• **Assignment**: If a record holds a picture, leave the picture out and restate everything else word for word.

• **Dataset**:
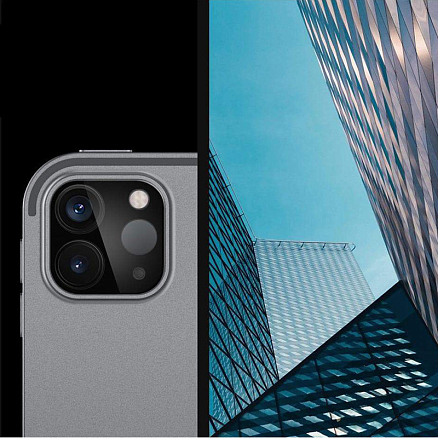 Защитное стекло на камеру для iPad Pro 11 2021, iPad Pro 12.9 2021 Spigen черное 2 шт.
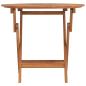 Preview: Gartentisch Klappbar Ø 85x75 cm Massivholz Teak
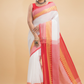 Dewali Silk Saree with Red and Golden Border-014 - indeloom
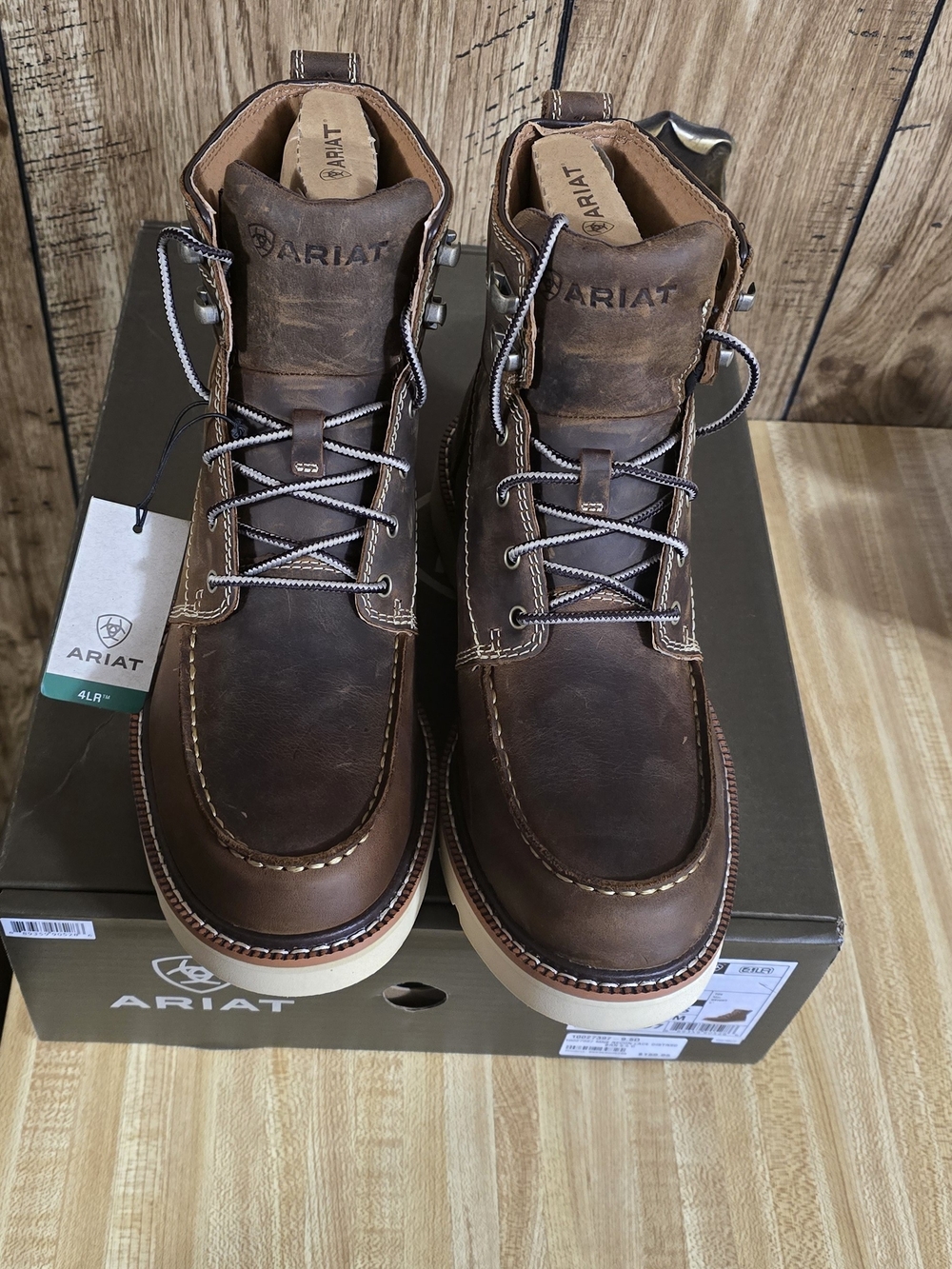 Ariat Men's Recon Lace Boots Barn Brown Leather Size 9.5 D Medium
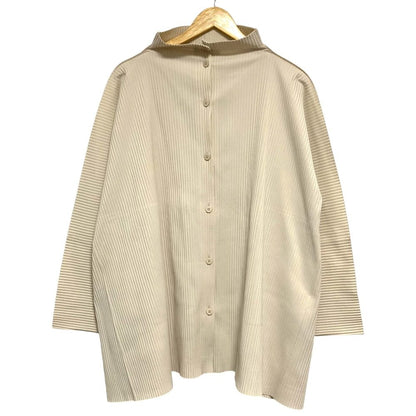 me ISSEY MIYAKE スタンドカラーワイドシャツ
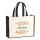 Jutetasche Stronzo italienisch Blumen 21 Liter Black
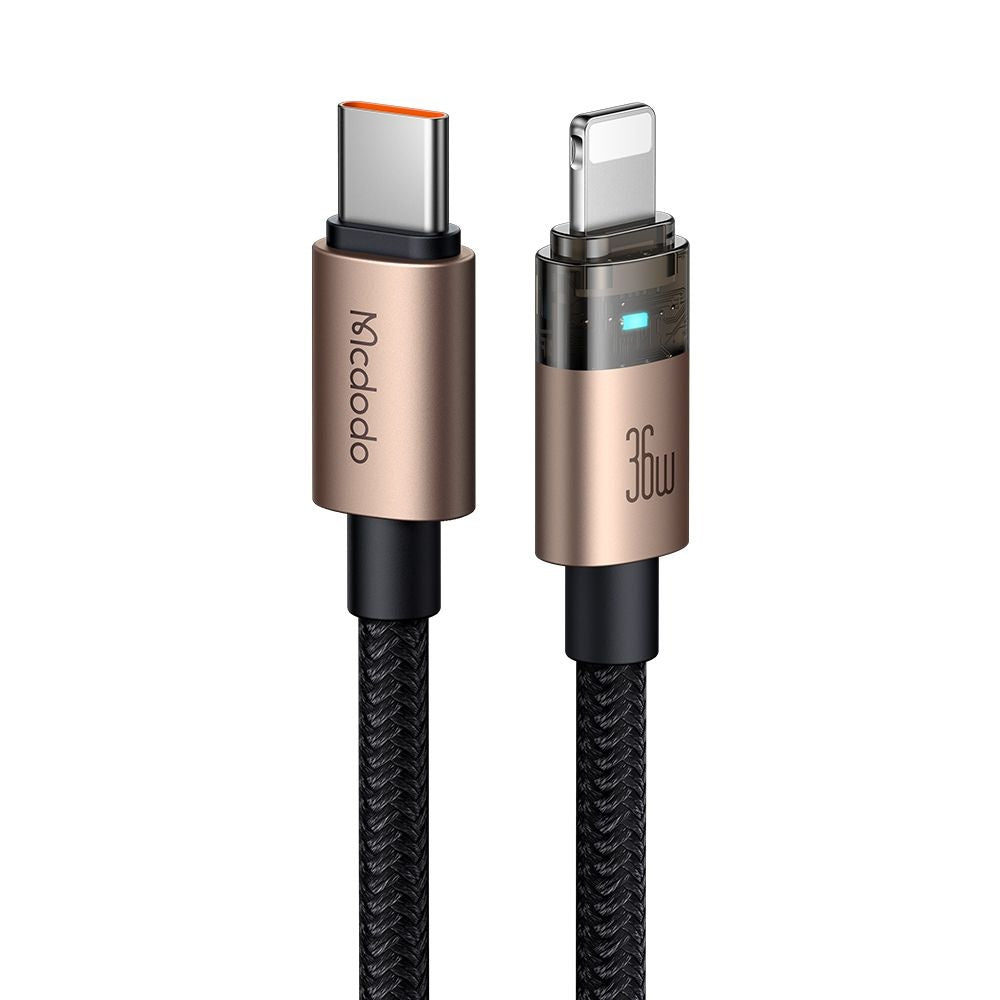 Datový a nabíjecí kabel USB-C - Lightning McDodo CA-6941, 36W, 1.2m, Zlatý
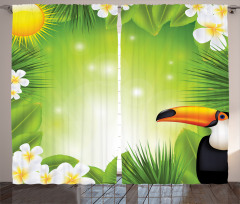 Exotic Jungle Curtain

• **Expected output**:
 Защитное стекло на камеру для iPad Pro 11 2021, iPad Pro 12.9 2021 Spigen черное 2 шт.
 Preview: Gartentisch Klappbar Ø 85x75 cm Massivholz Teak
 Dewali Silk Saree with Red and Golden Border-014 - indeloom
 Ariat Men's Recon Lace Boots Barn Brown Leather Size 9.5 D Medium
 me ISSEY MIYAKE スタンドカラーワイドシャツ
 Jutetasche Stronzo italienisch Blumen 21 Liter Black
 Datový a nabíjecí kabel USB-C - Lightning McDodo CA-6941, 36W, 1.2m, Zlatý
 Exotic Jungle Curtain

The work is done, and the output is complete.